Par contre, je ne pourrai jamais admettre les abus de pouvoir et de confiance opérés par de nombreuses Églises, la mainmise sur les consciences, le mépris de la liberté de penser, de s’exprimer, de comprendre. Mais cette révolte ne se concentre pas uniquement sur les institutions religieuses, elle s’étend à toutes les situations où il y a mystification et exploitation de la crédulité. Une question ici pourrait être creusée, celle de savoir d’où vient cette crédulité si largement répandue et même peut-être entretenue.

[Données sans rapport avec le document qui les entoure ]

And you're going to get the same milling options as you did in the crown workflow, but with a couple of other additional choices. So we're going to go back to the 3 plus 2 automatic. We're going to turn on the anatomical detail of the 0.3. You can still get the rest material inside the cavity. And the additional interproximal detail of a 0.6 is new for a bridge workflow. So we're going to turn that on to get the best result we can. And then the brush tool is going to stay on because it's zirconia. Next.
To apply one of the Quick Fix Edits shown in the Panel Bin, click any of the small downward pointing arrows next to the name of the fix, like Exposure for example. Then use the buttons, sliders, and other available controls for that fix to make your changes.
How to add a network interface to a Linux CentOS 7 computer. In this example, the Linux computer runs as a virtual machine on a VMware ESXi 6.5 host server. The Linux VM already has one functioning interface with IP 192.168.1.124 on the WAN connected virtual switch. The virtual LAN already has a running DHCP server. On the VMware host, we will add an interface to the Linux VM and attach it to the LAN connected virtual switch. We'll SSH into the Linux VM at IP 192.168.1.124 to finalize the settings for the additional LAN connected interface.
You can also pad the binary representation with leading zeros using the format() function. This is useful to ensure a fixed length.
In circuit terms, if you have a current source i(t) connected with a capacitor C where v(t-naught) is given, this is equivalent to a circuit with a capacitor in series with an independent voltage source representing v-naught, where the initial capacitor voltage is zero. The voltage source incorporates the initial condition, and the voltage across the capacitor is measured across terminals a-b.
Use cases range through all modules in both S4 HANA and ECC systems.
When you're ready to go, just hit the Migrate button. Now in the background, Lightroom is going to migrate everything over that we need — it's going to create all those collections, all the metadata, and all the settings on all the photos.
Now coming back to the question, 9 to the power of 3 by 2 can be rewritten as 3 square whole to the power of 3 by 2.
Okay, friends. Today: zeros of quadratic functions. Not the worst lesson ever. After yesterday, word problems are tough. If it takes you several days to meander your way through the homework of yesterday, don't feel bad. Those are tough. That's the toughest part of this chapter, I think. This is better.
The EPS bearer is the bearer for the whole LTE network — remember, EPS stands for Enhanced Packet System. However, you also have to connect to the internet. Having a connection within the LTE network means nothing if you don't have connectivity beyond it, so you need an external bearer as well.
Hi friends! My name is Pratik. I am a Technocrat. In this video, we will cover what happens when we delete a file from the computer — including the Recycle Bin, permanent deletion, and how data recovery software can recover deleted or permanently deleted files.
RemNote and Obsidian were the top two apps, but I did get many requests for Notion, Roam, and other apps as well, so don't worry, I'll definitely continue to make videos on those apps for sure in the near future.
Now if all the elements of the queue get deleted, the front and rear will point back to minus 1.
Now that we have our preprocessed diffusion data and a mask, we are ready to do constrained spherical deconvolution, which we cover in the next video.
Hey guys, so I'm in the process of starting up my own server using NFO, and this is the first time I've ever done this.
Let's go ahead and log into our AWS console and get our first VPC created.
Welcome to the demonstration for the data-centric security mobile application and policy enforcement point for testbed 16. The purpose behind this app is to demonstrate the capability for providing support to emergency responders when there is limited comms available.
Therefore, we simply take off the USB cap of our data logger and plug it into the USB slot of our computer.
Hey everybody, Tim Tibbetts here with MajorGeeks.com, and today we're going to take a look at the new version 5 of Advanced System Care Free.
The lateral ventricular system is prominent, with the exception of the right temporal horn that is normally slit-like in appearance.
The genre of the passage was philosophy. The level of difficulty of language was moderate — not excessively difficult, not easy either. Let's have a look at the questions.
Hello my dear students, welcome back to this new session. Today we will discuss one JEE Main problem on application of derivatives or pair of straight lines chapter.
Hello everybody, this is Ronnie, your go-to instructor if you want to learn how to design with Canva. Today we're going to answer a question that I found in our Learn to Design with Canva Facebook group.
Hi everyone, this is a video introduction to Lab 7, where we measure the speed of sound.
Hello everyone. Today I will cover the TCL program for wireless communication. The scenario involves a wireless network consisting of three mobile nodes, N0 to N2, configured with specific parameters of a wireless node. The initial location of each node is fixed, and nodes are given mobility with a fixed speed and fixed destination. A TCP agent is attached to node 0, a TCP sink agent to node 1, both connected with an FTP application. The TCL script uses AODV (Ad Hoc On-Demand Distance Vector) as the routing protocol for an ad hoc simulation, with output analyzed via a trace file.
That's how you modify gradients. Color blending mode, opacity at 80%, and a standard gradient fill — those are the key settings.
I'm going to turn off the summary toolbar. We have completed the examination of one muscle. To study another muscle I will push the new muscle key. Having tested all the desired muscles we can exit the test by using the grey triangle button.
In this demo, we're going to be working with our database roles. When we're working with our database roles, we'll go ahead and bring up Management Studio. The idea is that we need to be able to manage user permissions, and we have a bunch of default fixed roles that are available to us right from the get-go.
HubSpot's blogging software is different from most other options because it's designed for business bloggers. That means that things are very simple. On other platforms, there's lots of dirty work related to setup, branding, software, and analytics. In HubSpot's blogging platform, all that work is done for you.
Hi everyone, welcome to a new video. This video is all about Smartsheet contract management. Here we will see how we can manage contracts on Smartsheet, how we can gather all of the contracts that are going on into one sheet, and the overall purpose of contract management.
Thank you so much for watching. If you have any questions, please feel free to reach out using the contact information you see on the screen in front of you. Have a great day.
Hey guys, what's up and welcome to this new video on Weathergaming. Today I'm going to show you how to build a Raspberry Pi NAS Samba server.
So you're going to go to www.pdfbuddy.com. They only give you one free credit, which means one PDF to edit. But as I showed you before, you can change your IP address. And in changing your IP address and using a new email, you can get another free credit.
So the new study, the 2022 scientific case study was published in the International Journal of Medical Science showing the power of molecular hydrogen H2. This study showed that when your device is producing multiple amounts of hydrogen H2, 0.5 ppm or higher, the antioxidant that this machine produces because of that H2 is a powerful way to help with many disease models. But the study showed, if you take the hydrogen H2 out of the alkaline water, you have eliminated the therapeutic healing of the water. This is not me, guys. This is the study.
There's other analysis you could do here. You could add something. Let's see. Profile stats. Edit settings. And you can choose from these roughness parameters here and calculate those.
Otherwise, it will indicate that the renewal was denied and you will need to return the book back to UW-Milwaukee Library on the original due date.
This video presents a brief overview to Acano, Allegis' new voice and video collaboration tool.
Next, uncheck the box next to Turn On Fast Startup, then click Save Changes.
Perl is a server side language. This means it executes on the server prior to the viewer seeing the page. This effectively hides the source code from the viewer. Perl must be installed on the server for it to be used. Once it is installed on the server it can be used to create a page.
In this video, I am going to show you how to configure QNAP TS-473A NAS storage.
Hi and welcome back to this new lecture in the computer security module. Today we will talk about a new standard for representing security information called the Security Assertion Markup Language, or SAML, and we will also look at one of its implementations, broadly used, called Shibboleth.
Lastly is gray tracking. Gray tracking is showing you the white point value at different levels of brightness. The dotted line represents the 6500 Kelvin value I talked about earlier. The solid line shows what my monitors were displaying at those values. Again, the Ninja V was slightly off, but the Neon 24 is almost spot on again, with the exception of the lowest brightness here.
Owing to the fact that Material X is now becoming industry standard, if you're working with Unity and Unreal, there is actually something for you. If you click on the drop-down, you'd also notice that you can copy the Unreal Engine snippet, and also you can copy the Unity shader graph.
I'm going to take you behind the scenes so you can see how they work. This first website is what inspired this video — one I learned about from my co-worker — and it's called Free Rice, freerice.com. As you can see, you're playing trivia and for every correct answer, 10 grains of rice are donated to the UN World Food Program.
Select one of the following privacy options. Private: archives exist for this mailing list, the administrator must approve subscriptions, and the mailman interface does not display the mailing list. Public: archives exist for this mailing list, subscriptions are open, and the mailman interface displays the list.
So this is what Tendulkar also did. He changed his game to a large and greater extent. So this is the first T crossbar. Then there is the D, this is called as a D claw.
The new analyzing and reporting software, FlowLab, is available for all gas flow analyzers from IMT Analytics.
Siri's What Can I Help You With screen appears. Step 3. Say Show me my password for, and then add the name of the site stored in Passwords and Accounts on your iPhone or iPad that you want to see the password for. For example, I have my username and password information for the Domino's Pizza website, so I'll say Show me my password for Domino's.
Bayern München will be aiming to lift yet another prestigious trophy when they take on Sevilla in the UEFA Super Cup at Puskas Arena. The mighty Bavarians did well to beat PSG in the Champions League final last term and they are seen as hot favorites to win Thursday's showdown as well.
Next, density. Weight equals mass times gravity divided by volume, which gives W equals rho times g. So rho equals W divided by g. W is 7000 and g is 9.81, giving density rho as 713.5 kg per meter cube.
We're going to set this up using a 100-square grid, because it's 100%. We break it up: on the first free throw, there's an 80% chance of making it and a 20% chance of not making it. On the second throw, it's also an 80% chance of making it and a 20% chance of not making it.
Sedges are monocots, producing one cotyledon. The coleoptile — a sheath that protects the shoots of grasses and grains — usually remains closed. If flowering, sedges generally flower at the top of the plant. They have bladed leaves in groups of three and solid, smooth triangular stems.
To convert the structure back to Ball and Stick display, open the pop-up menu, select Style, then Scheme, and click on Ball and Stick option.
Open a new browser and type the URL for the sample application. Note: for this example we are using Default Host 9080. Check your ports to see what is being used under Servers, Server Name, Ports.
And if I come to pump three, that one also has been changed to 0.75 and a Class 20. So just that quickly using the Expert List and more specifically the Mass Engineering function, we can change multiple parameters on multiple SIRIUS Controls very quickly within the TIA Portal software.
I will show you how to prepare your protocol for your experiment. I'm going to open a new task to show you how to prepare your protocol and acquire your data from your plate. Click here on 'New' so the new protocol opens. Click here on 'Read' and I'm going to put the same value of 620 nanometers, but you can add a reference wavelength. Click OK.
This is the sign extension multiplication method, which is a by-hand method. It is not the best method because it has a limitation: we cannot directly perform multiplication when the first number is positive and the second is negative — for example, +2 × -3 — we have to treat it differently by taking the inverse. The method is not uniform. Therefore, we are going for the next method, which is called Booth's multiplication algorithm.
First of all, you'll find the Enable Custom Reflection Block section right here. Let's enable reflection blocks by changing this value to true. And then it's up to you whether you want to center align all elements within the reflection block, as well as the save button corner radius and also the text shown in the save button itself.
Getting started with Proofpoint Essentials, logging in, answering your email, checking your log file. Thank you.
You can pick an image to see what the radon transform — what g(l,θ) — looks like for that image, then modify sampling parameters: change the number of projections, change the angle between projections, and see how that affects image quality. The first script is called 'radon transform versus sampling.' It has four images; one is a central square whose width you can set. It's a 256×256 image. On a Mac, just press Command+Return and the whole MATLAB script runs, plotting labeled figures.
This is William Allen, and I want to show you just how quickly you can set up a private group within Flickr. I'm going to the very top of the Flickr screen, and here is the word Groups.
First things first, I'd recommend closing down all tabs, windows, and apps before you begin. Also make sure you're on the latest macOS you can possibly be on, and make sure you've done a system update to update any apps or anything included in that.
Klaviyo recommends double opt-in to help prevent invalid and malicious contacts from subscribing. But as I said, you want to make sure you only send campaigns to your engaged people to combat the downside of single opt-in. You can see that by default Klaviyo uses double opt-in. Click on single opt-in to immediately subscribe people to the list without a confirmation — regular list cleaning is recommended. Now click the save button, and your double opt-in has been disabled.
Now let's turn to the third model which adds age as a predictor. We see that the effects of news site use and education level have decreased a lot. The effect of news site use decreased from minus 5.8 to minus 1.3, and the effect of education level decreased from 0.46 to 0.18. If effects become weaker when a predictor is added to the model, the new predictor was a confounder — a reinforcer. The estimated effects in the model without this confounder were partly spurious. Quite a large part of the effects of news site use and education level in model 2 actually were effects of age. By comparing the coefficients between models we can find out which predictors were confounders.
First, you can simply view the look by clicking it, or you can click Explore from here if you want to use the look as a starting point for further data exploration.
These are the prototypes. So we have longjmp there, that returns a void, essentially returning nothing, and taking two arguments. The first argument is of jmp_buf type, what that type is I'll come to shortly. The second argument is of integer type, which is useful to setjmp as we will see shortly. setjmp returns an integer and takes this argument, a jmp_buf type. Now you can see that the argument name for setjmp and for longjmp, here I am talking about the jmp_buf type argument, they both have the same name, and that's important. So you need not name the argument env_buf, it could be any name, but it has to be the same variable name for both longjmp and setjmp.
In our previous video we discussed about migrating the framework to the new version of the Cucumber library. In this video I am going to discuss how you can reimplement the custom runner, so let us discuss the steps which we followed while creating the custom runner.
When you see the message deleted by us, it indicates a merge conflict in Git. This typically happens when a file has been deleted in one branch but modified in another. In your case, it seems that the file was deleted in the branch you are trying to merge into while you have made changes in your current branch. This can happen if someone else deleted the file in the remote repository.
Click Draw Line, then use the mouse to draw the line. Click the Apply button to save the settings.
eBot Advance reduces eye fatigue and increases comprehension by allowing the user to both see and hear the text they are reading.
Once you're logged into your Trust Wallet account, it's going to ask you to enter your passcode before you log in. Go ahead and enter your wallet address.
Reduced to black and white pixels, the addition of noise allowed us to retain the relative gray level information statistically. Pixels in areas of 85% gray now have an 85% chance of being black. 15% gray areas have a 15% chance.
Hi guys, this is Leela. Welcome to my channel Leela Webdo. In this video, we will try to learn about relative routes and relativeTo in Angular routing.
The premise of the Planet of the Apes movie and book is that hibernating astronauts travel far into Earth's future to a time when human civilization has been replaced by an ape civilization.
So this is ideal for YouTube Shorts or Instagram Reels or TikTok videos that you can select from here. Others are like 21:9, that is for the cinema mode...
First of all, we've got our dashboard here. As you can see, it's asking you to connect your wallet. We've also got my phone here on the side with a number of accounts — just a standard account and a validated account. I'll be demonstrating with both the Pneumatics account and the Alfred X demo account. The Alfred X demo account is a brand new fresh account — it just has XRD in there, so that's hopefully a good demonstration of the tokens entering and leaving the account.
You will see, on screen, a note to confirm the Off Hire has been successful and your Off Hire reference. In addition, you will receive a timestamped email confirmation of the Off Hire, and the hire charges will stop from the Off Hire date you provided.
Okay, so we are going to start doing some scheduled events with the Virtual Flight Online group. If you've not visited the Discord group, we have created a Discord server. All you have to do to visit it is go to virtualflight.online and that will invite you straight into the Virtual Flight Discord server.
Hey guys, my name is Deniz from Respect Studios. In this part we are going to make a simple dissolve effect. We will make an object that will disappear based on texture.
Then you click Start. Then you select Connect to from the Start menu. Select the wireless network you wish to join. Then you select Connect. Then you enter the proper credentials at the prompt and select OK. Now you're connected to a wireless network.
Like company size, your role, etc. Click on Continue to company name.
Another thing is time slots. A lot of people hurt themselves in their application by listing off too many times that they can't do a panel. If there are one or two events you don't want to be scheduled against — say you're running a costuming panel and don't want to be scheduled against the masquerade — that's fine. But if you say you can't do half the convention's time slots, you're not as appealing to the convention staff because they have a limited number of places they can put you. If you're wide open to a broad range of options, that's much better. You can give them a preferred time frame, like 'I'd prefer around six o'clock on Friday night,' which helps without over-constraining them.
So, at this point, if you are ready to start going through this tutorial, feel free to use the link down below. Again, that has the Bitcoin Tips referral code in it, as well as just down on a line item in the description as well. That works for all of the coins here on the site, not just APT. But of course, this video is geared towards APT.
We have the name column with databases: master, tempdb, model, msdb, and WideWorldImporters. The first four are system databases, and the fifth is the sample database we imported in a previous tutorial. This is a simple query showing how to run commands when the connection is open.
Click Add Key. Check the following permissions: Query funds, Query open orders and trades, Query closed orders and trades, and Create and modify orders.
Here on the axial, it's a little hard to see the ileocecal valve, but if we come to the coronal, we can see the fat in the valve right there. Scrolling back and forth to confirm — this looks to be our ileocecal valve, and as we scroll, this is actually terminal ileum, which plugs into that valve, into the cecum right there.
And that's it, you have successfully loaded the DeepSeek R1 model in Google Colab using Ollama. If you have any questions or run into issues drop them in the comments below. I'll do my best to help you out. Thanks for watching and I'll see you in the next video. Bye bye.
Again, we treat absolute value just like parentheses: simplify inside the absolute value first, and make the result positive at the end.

Pour l’incroyant, il n’y a donc pas de référence au surnaturel ni à une Institution prétendant représenter le divin. Il n’y a pas de déification ni de transfert. Pas de transcendance ou de providence avec ou sans majuscule. Pour ce qui me concerne, les questions sans réponses restent en suspens et ma vie n’a pour sens que celui que je lui donne jour après jour et « ce n’est pas parce que ma vie a un sens que je l’aime, mais c’est parce que je l’aime qu’elle a du sens. » Ici, certains croyants me rétorqueront que cet amour est un don, une grâce divine. Ce à quoi je ne peux répondre que par un sourire.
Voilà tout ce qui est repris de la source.